Genocide Is Democracy in Action

Recently by Mark R. Crovelli: The Futility of Fighting Government Corruption in India

It is a curious thing that people in the modern world have come to worship democracy at the very same time that they have come to abhor genocide. One would think that if democracy is such a wonderful thing for giving majorities the right to do what they will, then genocide is wonderful for that very same reason. After all, genocide is usually nothing more than the brutal expression of majority opinion in a given territory that some minority population ought to be exterminated. Is there anything more sublimely democratic than that?

There is more than passing resemblance here. The concept of democracy and the concept of genocide are identical in every ethically relevant way. Democracy is a system for reaching political solutions that are deemed to be acceptable to a majority of the population. This is precisely what genocide typically is. It is a political solution to a perceived problem that is deemed to be acceptable to the majority of the population in a given territory. Sure, there are some people in a genocidal bloodbath who don't really have their hearts in it, but the same is just as true of any democratically derived outcome. Just think about all those people who voted for Hilary Clinton in the Democratic primary in 2008, but settled half-heartedly for Obama in the general election.

It is of no use to object that the concept of "democracy" is nonviolent by definition. The same used to be commonly said of the concept of "socialism," which was also claimed to be nonviolent by definition – at least, that is, until the socialists' death count reached a point where it was too embarrassing for honest men to ignore. The death count for democracies hasn't quite caught up to the impressive death count of the socialists, but it is certainly large enough that it should embarrass anyone out of claiming that democracy is nonviolent by definition. This is in addition to the fact that defining something as nonviolent by no means makes it so in reality.

It is also of no use to object that democracies sometimes have constitutions to protect minorities from attack by majorities. This objection overlooks the glaring fact that constitutions can be amended or abolished by…majority vote! A constitution will thus only protect minorities as long as the majority accepts the idea that minorities have rights; a fact conspicuously highlighted by the American constitution's defense of black slavery. Should the majority change its mind about minority rights, it always has the ability to amend, abolish or simply ignore the constitution standing in the way of its intentions.
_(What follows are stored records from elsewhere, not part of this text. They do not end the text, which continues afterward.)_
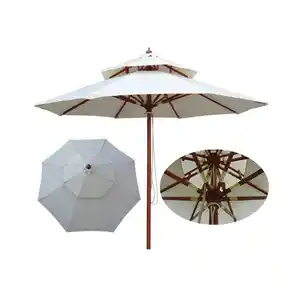 Extérieur Rouge Bleu 1.8m Plage Hôtel Piscine Jardin Imprimé Bois Parasol de Plage Parasol pour Parasol Parapluie Parasol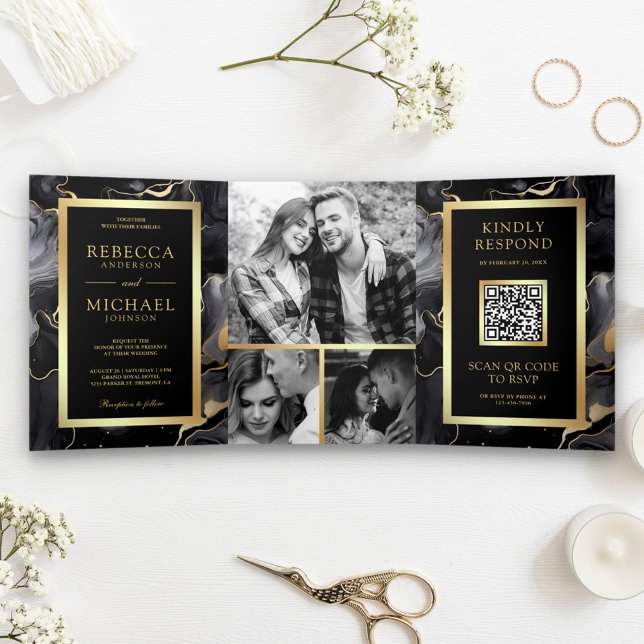 Black Gold Fluid Ink QR Code Wedding Tri-Fold Invitation (Creator Uploaded)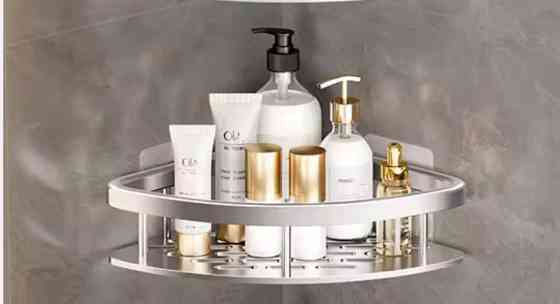 Угловая настенная полка для ванной алюминиевая 28 см серый Киев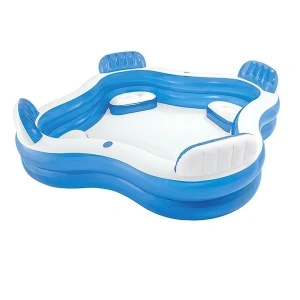 Piscina pentru familie Bleu cu spatare si capacitate 262 L,Intex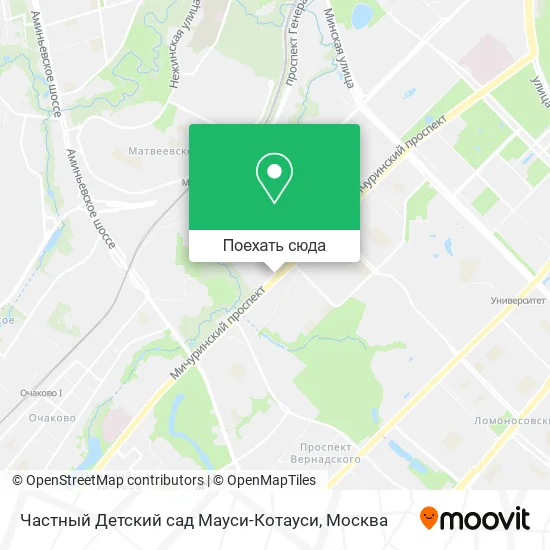 Карта Частный Детский сад Мауси-Котауси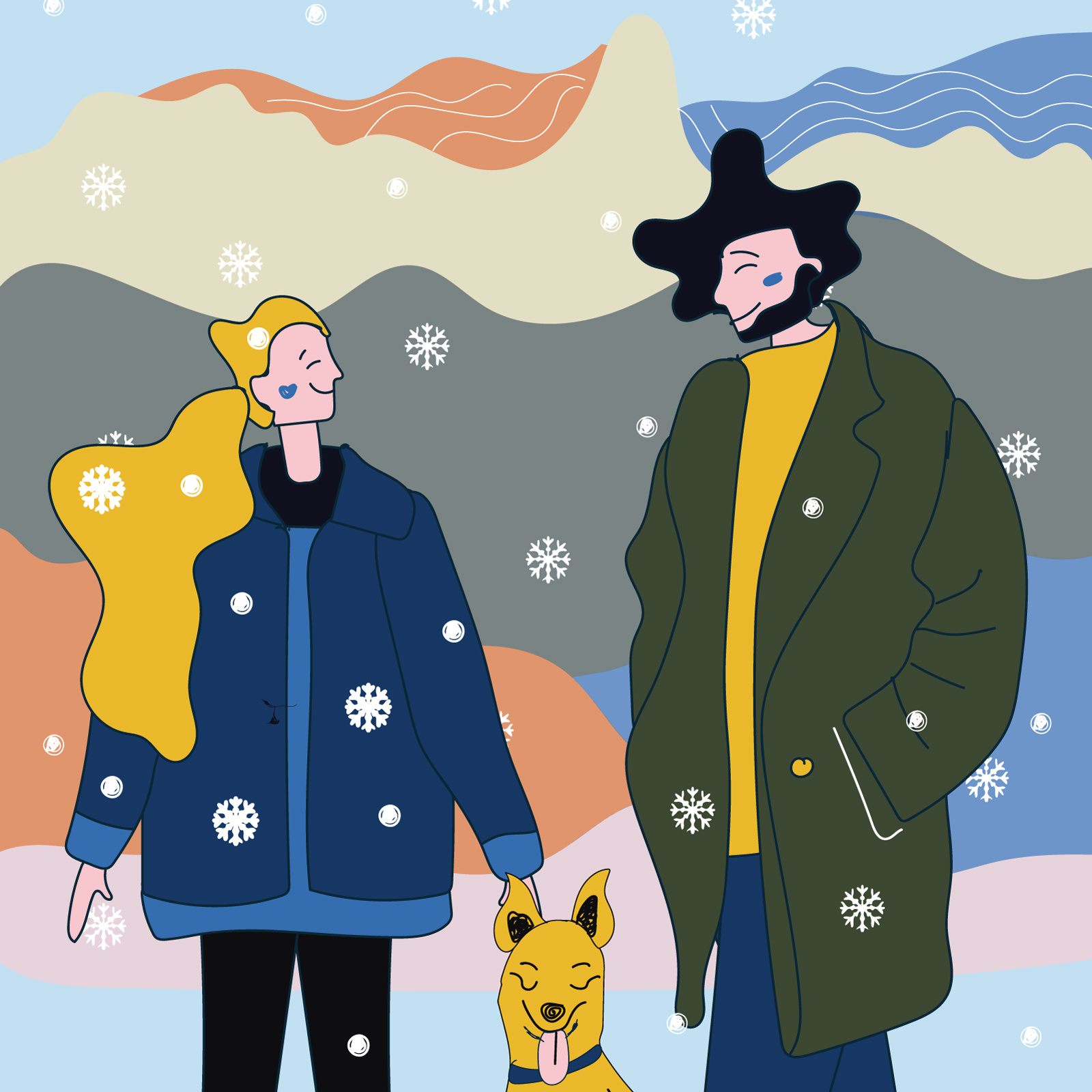 Winter Illustration art flat graphic design illustration urban vector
In other words, there is no reason why a majority in a given population could not commit genocide with the explicit sanction of the democratically-created constitution.

Given this fact, it is an intellectual error of gargantuan proportions to assume that democracy and individual rights go hand in hand, or to assume that democracy and genocide are antithetical to one another. Democratic government, even representative democratic government, is merely a means for the majority to impress its will on minorities. It is mob rule dressed up in fancy legal livery. Genocidal bloodbaths committed by majorities around the world may lack the legal finery and the fancy ballot boxes, but they are thoroughly democratic nonetheless. In fact, genocide approaches the ideal of "participatory democracy" even more closely than the effeminate, representative form of democracy practiced in the West, since the majority of people in a genocidal bloodbath actually participate in the action.

If you happen to believe that individuals have God-given or nature-given rights that mobs should not violate, then you should have no business defending a system of government that makes the law dependent upon what the democratic mob happens to think from moment to moment. In fact, if you believe in individual rights, then you should detest the very idea of so-called "majorities" doing anything whatsoever. For, acceptance that majorities can legitimately create law or select "leaders" or do anything else is only one step removed from acceptance of majorities deciding who should live and who should die. Encouraging democratic mobs to do what they will in one area of the law only encourages them to do what they will across the board.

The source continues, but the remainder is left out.